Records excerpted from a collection

_ _ _ _ _ _ _

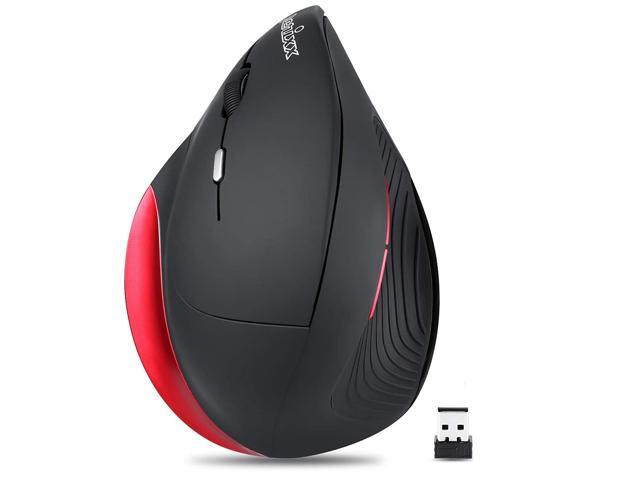 Perixx PERIMICE-718 Left Handed Wireless Mouse - Ergonomic Vertical Design - Programmable 5 Buttons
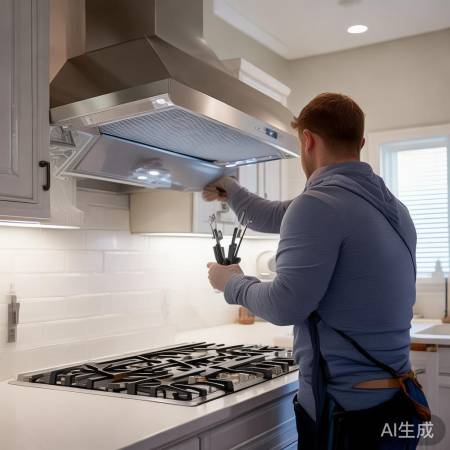 安装油烟机，吊杆固定，水平调整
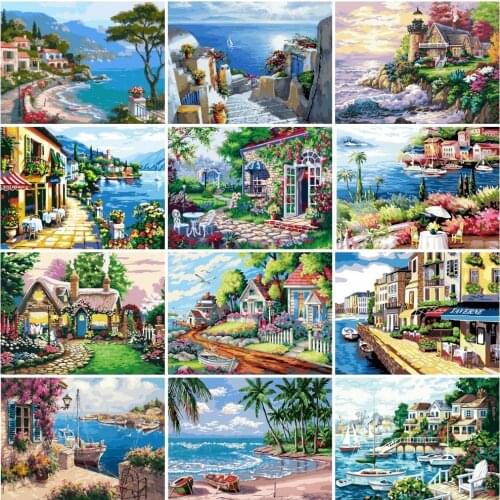 AZQSD Picture By Numbers Seaside City House Unique Gift Painting Art Painting By Numbers Landscape Hand Paind Kit Canvas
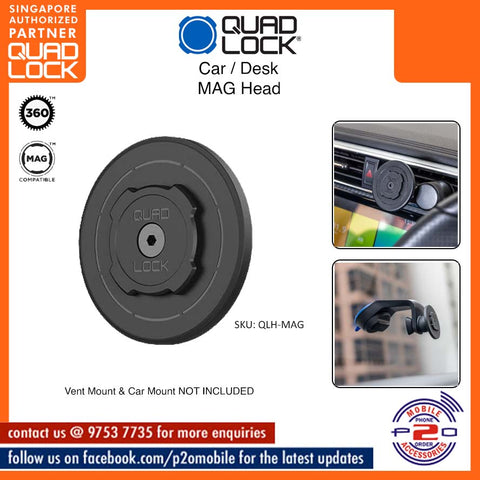 Quad Lock Car/Desk - MAG Head - Magnetic Head (QLH-MAG)
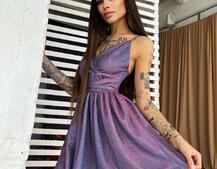 Блестящее платье с пышной юбочкой и завязками на талии  | PUSHKA SHOP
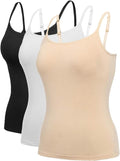 Womens Tank Tops Adjustable Strap Camisole with Built in Padded Bra on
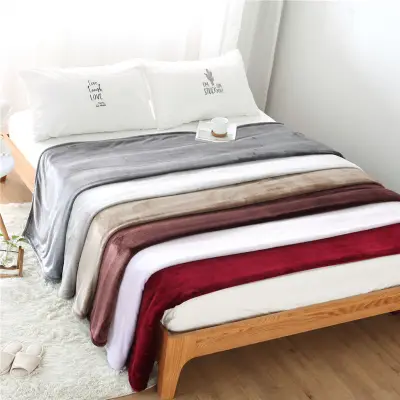 Flannel Blanket Soft Warm High quality Solid Color Blanket Sizes Single / Double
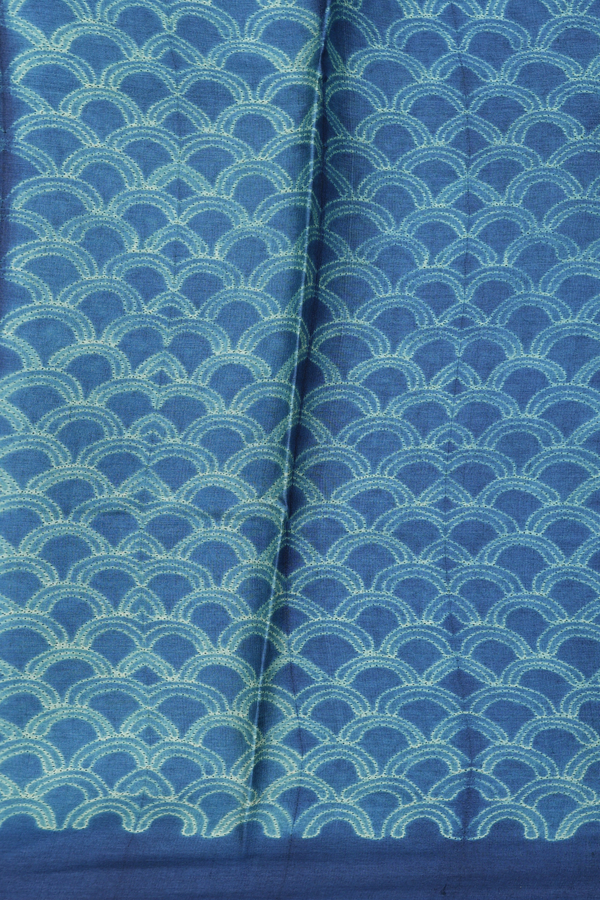 Tussar Silk Saree In Oxford Blue With Shibori Design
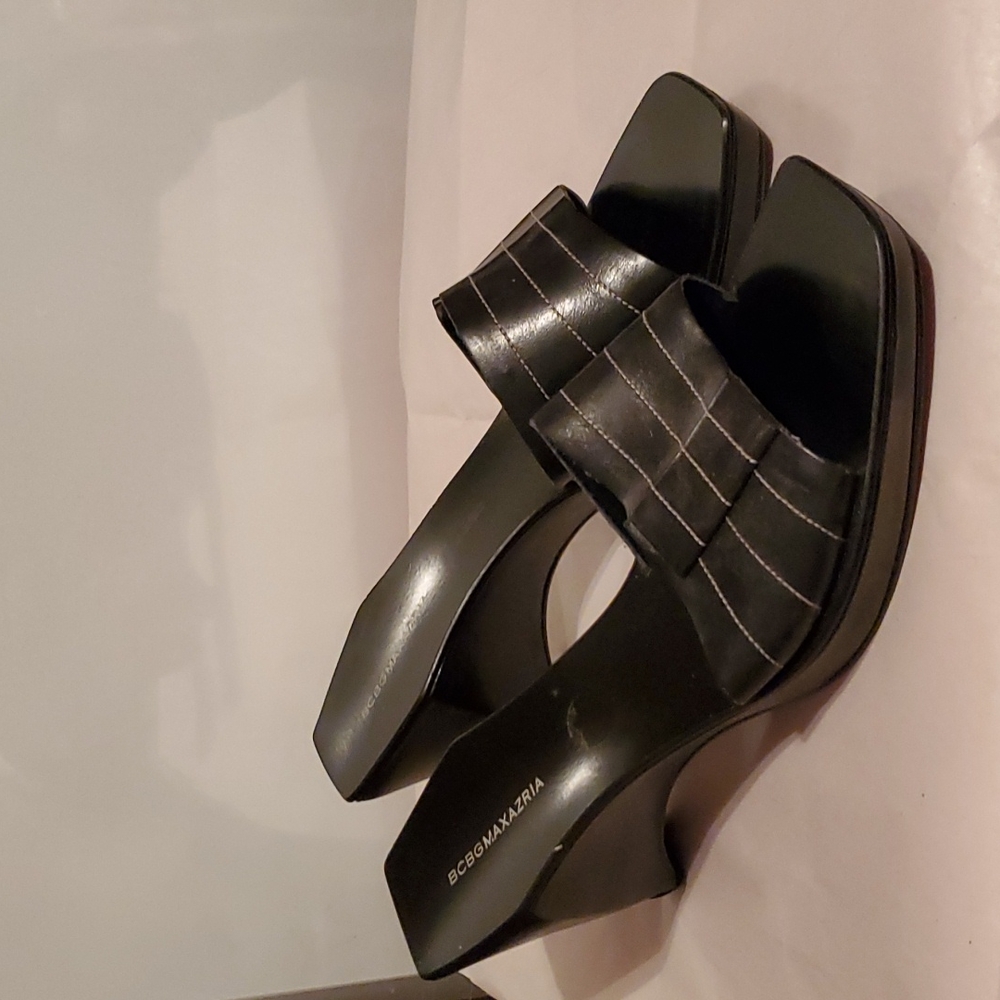 BCBG Black Wedge Heel Open-Toe Mules Sz. 10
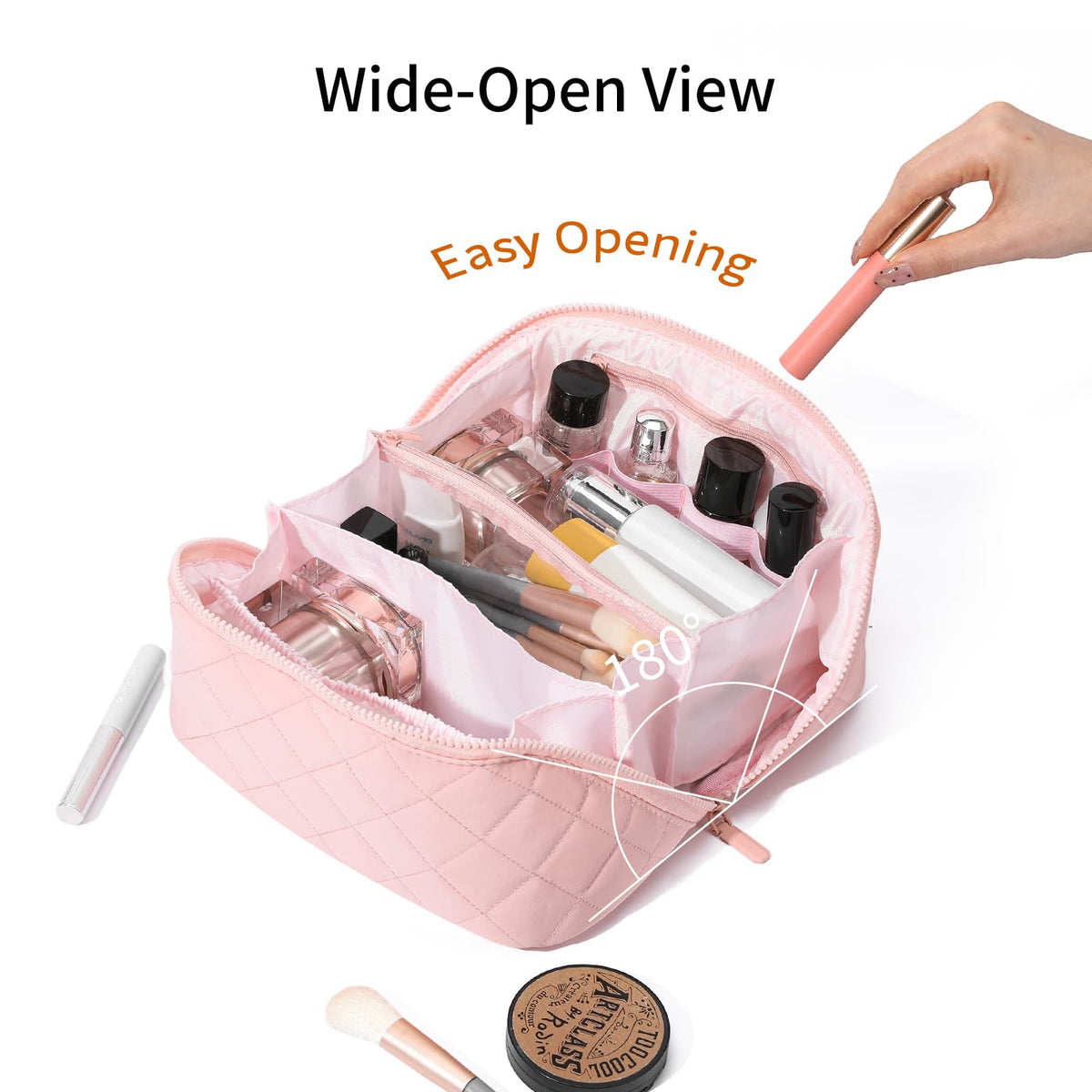 AMXNX Makeup Bag for Woman Quilted Puffer Cosmetic Bags Travel Organizer Large Capacity Wide-open Pouch Toiletry Bag Set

_ _ _ _ _ _ _

> [WHAT IS EXPECTED]:
Whenever a line holds a picture, print that line without the picture. All other data must be output exactly.

> [ANSWER SPACE]:
 Perixx PERIMICE-718 Left Handed Wireless Mouse - Ergonomic Vertical Design - Programmable 5 Buttons
 安装油烟机，吊杆固定，水平调整
 AZQSD Picture By Numbers Seaside City House Unique Gift Painting Art Painting By Numbers Landscape Hand Paind Kit Canvas
 Quad Lock Car/Desk - MAG Head - Magnetic Head (QLH-MAG)
 Блестящее платье с пышной юбочкой и завязками на талии  | PUSHKA SHOP
 Womens Tank Tops Adjustable Strap Camisole with Built in Padded Bra on
 Flannel Blanket Soft Warm High quality Solid Color Blanket Sizes Single / Double
 Tussar Silk Saree In Oxford Blue With Shibori Design
 BCBG Black Wedge Heel Open-Toe Mules Sz. 10
 AMXNX Makeup Bag for Woman Quilted Puffer Cosmetic Bags Travel Organizer Large Capacity Wide-open Pouch Toiletry Bag Set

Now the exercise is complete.